You never put anything personal on your Facebook page or any of your social networking sites that can be then profiled and put together with other information that they get from your tweets. For example, say you have a new puppy and that puppy's name is such and such. That probably becomes a password eventually.
KITTEN: You talked quite a bit about the need for more education when it comes to employees and I wanted to ask you about the steps that businesses, especially banks and credit unions, should be taking. What more should they be doing when it comes to ensuring fraud doesn't infiltrate systems in the first place? And does a lot of that just tie back to customer education, as well as the employee education?
FOLEY: If we are talking about hacking problems, and keeping the network and the servers safe, that means that the IT department, the chief privacy officer and the other executives within the company all have to be on the same page. They have to fund those security departments. It isn't enough to have one person putting in all the patches that keep your IT up-to-date because there are more patches that need to be installed. You need to have someone monitoring your systems 24 hours a day to look for spikes in activity that may indicate a hacker, which is what these forensic IT people are finding. For example, four months ago you had an abnormal spike and that is when the fraud or breach occurred. Then they go back to see what number was used to get into that system. That's an area we cannot afford to cut back on. We need to invest in it.
Identity Theft TrendsKITTEN: Finally, as we look to 2011 and some of the identity theft trends that we've talked about, what would you pin as being the top three-to-five areas in industries and agencies involved with banking, healthcare and government we should be mindful of?
FOLEY: As collaborative partners in this fight against identity theft, the six industries and agencies involved, including banking, healthcare, government, military, business and education, all have to understand that they have relationships with customers and that when they send out bills and notices, it's a good time to remind people of potential scams that may be occurring. The banking community can be mindful when they see someone coming in and doing unusually large withdrawals to bring in a senior person and just ask what this is about. It could be that the person is buying a car. Or maybe someone won the lottery and I am sending it they're asking for it to be converted to a money order.
They can be doing scam awareness right then and there. There was a pilot program that was done here in San Diego very successfully. The credit unions and banks in the area put up charts talking about what the most common scams are, and while people are standing in line they're reading them. Hospitals need to have privacy notices posted so that people are mindful if someone asks a question that isn't a question they should be asking.
KITTEN: And what about in the government space?

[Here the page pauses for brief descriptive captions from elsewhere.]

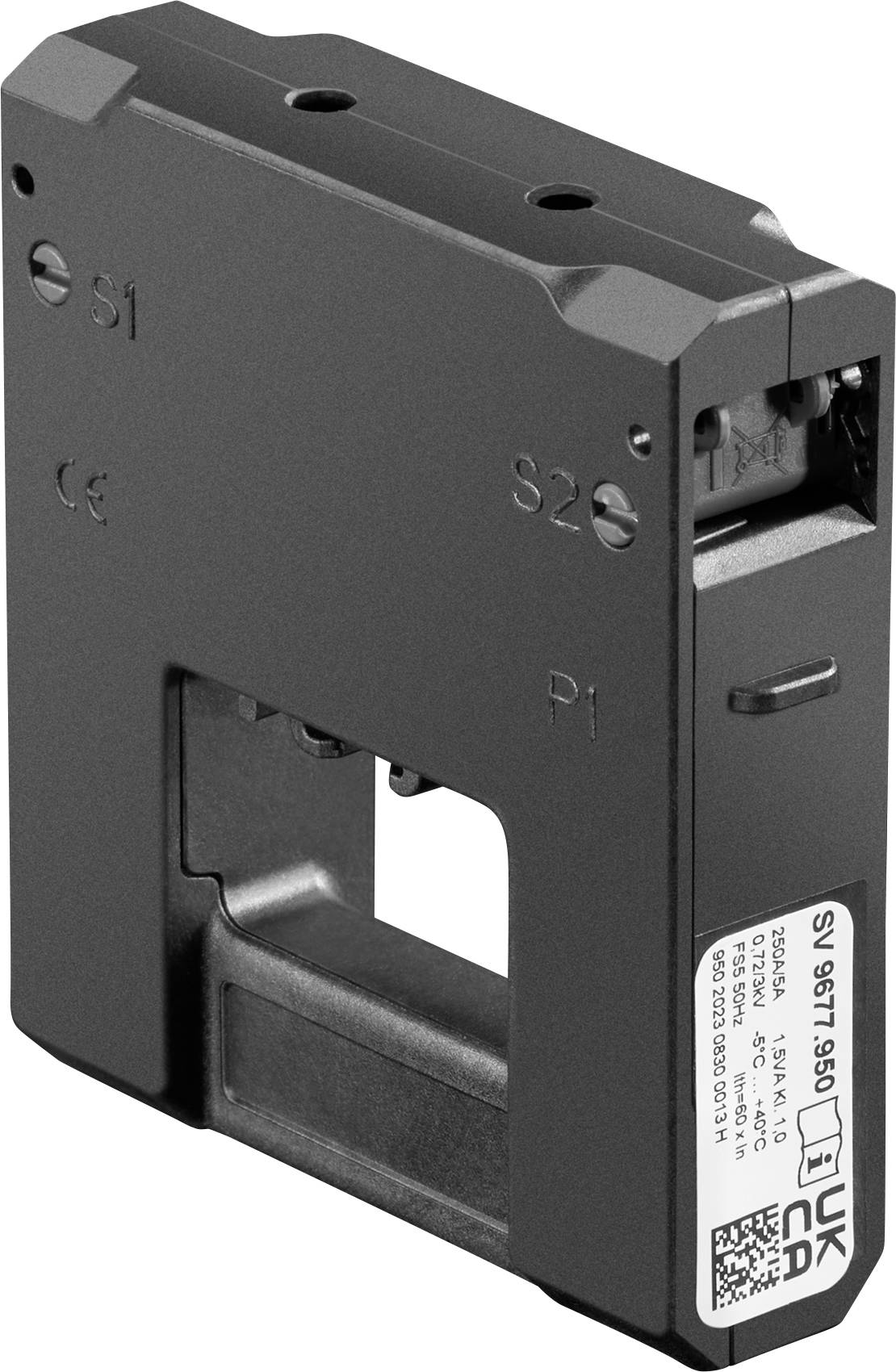 Un interrupteur capteur rectangulaire noir de Siemens, étiqueté 'S1' et 'S2', utilisé pour l'automatisation industrielle, présentant un centre ouvert pour la détection.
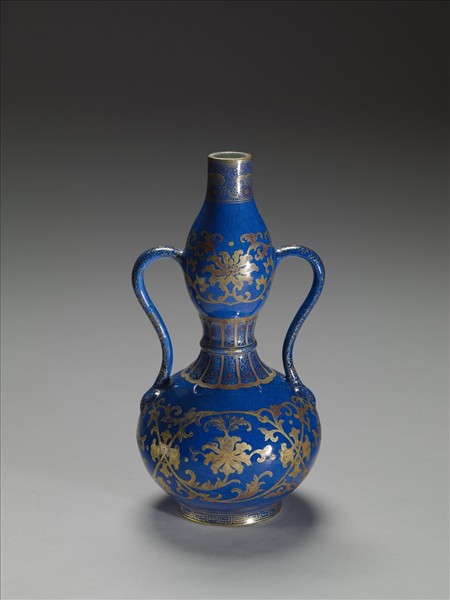 藍釉描金纏枝花紋葫蘆瓶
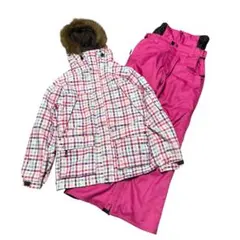 icepardal スキーウェア 上下セット M チェック柄×ピンク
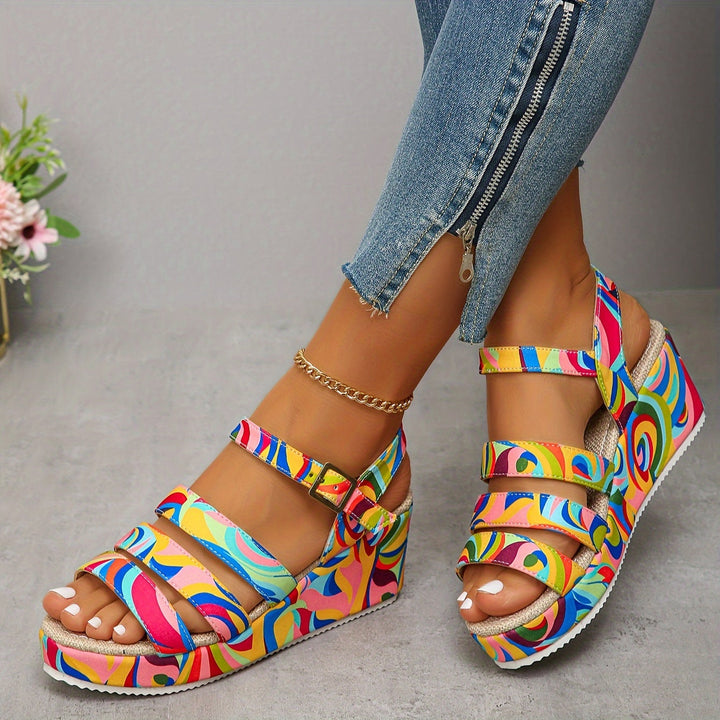 Rosalind | Elegante Strappy Platform Wedge Sandalen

FOLEY: In the government space, the most interaction people have is the IRS and the Social Security Administration. The Social Security Administration once a year sends out your statement of working benefits to see if they seem abnormally high that year, which may mean someone else is working as you as well. Don't just take that mail that you get, glance at it and say it's too much to read. The IRS again will be putting out notices. The FBI is putting out notices. The Attorney General, the Federal Trade Commission and non-profits who all work in this area will be looking to see what the new scam is and notifying the public.
And what we've seen is public apathy. They have seen these alerts before and think they apply to someone else and not to them. They become less responsive. I really do believe that public service announcements are possibly one of the ways to go. We have to be aware of how to educate the public and what sources we use to get their attention.